--- Information provided Enclosed Below ---

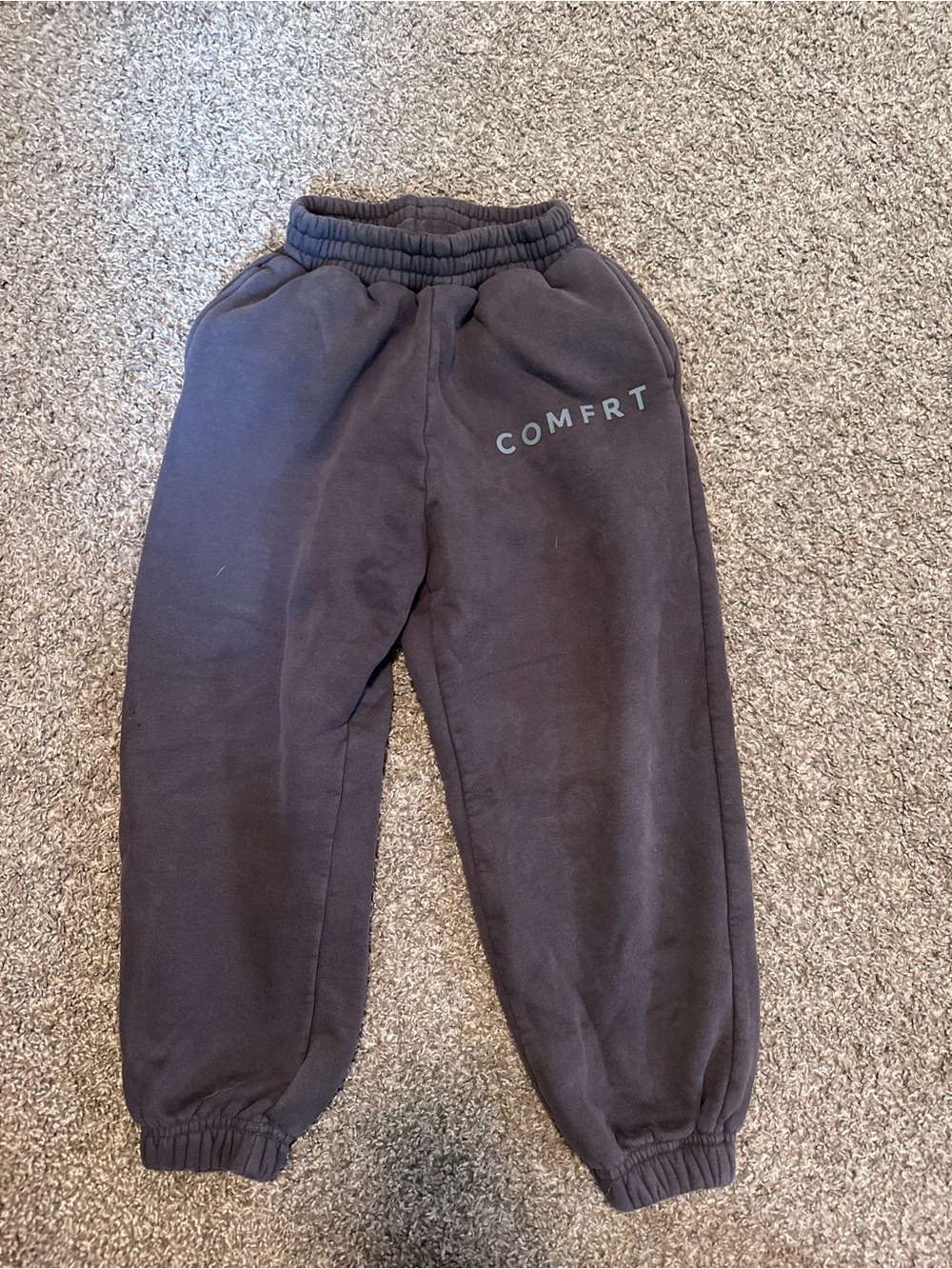 COMFRT Kids Black Sweat Joggers
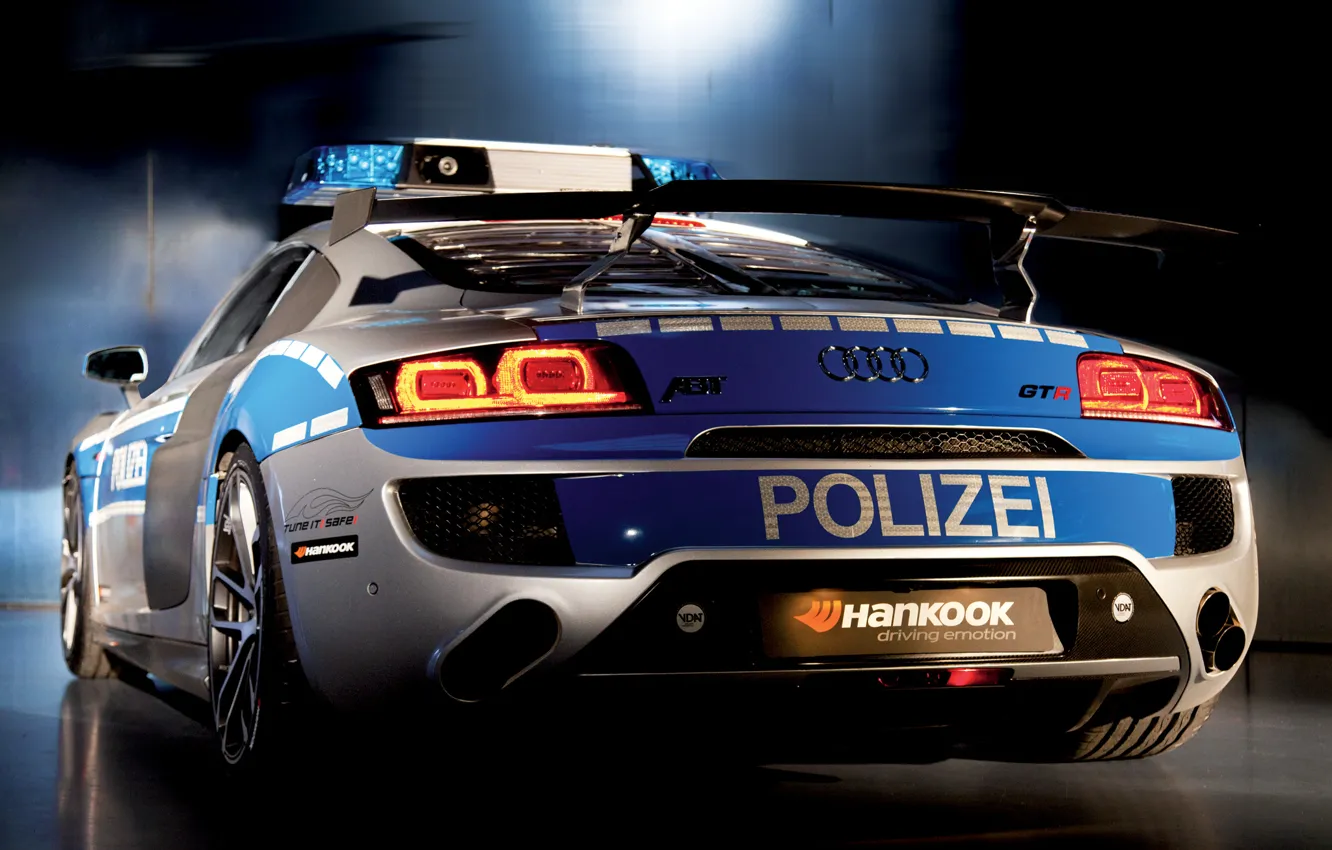Фото обои Audi, Germany, police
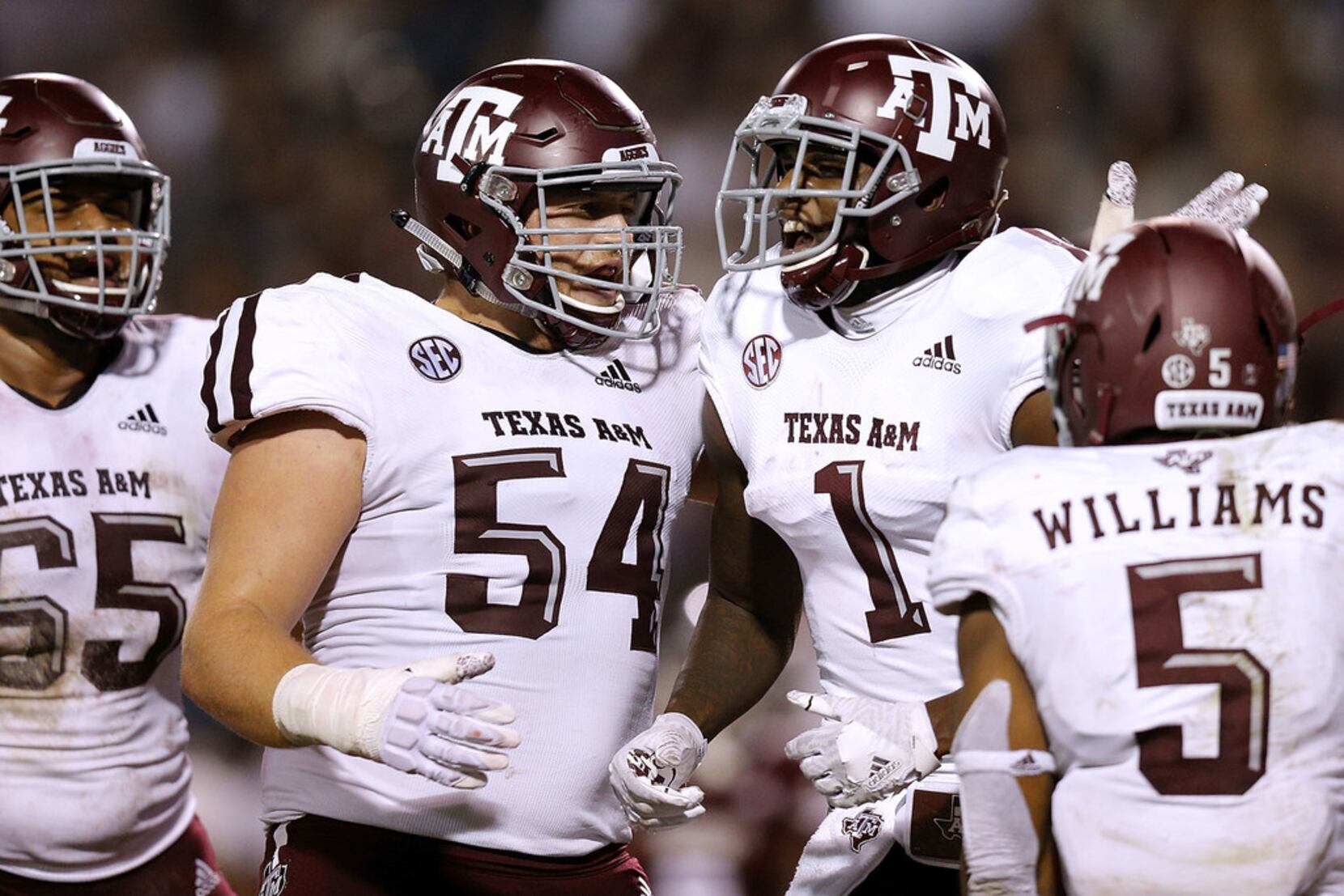 Starkville, MS, USA. 27th Oct, 2018. Texas A & M defensive lineman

--- End of Enclosed Information provided ---

_Assigned task_:
Here the lines from the one with "Фото обои Audi, Germany, police" through the last line of the data above need to be repeated exactly, both included, and any picture omitted.

_Problem solution_:
Фото обои Audi, Germany, police
 Starkville, MS, USA. 27th Oct, 2018. Texas A & M defensive lineman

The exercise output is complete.